> _TASK INPUTS_

=== Begin Enclosure ===

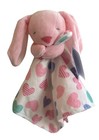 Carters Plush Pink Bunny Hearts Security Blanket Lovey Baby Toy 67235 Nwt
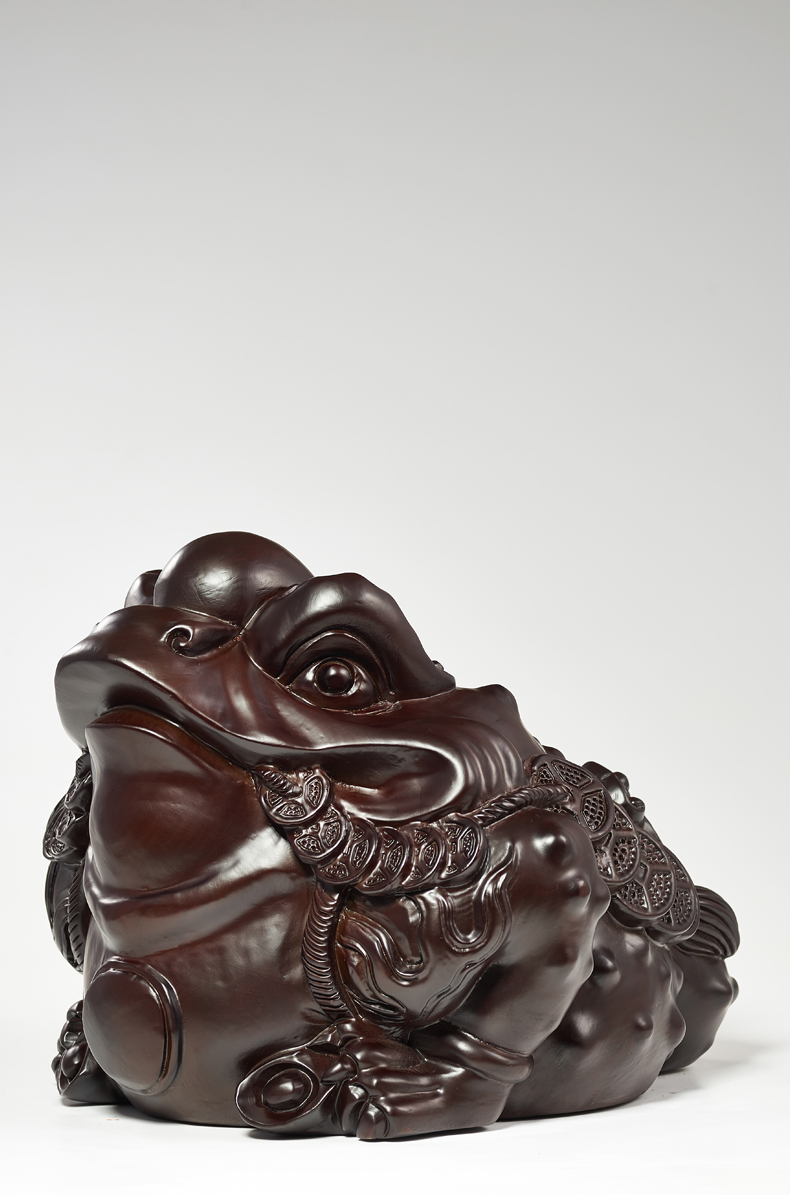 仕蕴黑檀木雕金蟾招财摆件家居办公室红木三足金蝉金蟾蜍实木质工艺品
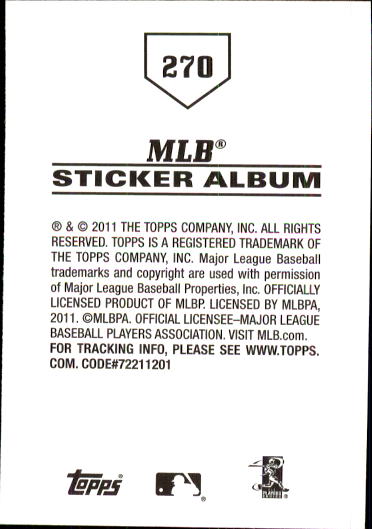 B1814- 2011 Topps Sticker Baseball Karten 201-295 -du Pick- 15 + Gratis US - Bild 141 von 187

=== End Enclosure ===
=== Begin Enclosure ===

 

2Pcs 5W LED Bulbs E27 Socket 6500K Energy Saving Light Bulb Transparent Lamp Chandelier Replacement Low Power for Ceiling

=== End Enclosure ===
=== Begin Enclosure ===

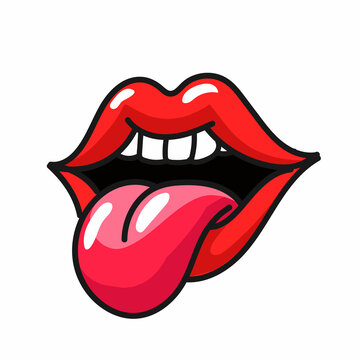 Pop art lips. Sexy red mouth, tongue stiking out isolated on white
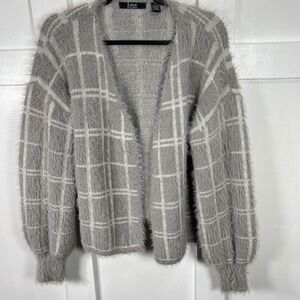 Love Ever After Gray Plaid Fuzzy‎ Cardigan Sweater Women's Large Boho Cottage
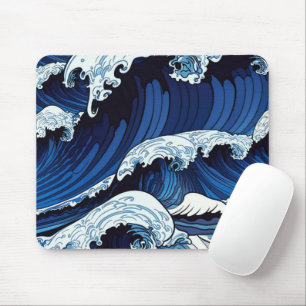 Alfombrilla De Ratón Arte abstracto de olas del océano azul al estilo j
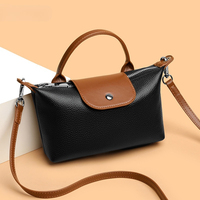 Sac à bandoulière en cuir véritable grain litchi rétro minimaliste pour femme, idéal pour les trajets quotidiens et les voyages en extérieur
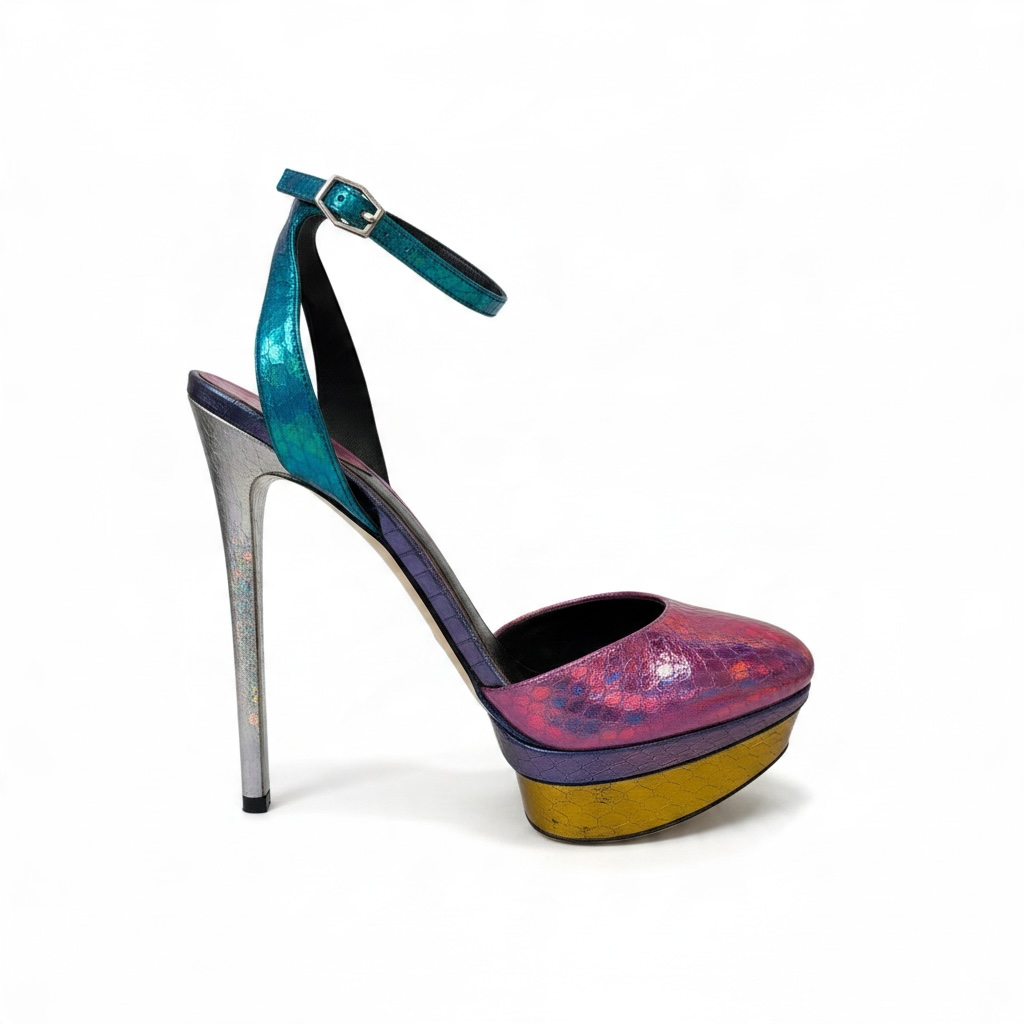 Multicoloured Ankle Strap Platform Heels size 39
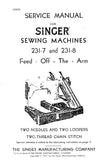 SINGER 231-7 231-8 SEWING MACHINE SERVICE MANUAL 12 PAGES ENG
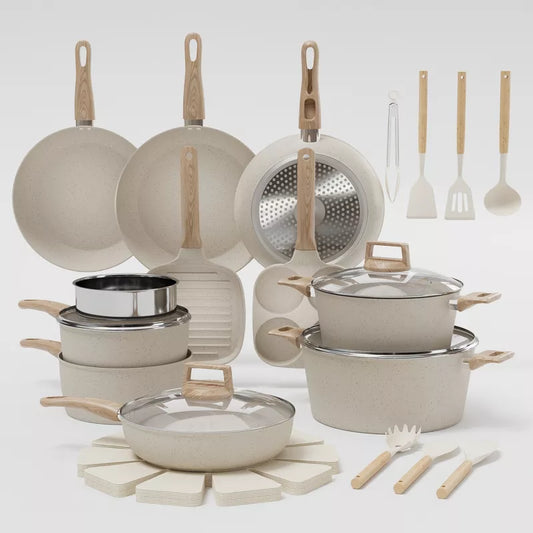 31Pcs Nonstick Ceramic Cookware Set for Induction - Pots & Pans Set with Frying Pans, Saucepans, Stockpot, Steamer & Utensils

=== End Enclosure ===

> _TASK REQUIREMENTS_
Among the entries above, take the lines from the one with "Love Ever After" through the one with "Sac à bandoulière" and retype them exactly, leaving out the pictures.

> _RESPONSE BELOW_
 Love Ever After Gray Plaid Fuzzy‎ Cardigan Sweater Women's Large Boho Cottage
 Alfombrilla De Ratón Arte abstracto de olas del océano azul al estilo j
 Sac à bandoulière en cuir véritable grain litchi rétro minimaliste pour femme, idéal pour les trajets quotidiens et les voyages en extérieur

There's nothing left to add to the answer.